### Problem to solve:
The material below holds the lines to copy: from the one with "コールド チョコレート ドリンク～ストロベリー＆シャンパーニュソース添え" up to and including the one with "DI JUAL AC, MESIN CUCI, KULKAS!!!". Copy them exactly and skip the pictures.

--- Records ---

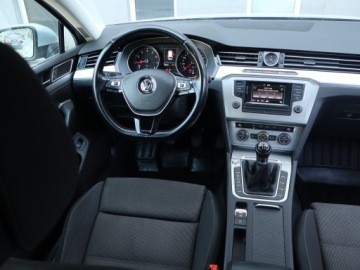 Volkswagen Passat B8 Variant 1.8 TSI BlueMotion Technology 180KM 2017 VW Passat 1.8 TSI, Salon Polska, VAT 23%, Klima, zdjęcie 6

---
--- Records ---

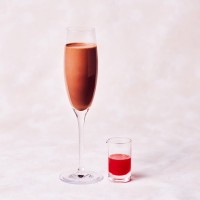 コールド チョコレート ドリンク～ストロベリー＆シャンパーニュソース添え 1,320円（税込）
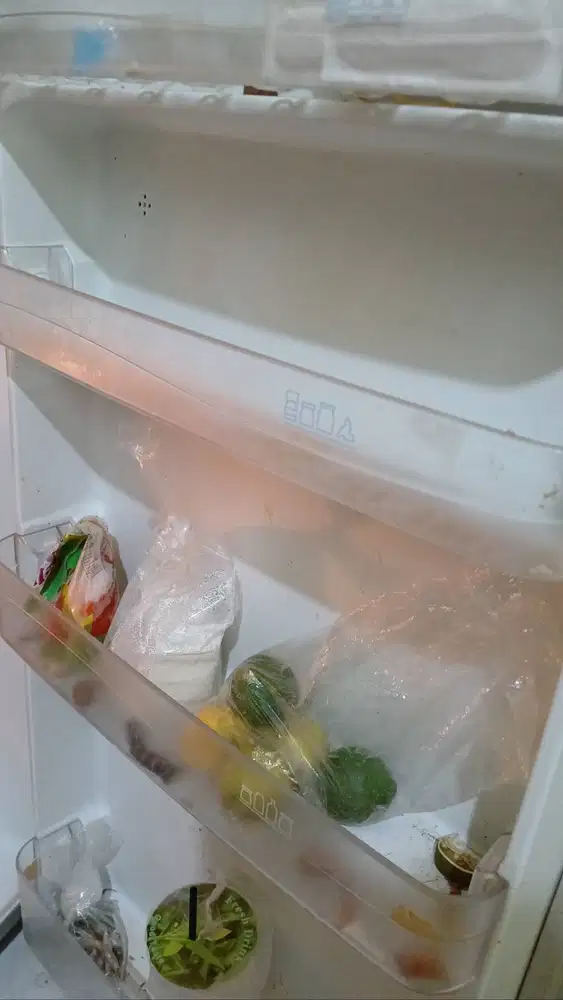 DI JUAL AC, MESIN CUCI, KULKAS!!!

---
--- Records ---

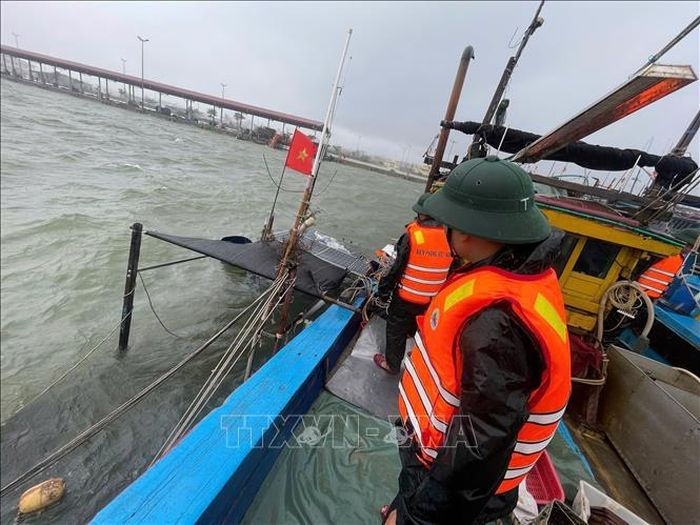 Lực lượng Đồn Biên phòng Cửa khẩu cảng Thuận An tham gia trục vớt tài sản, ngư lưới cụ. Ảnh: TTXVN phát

---

### Reply to the task:
 コールド チョコレート ドリンク～ストロベリー＆シャンパーニュソース添え 1,320円（税込）
 DI JUAL AC, MESIN CUCI, KULKAS!!!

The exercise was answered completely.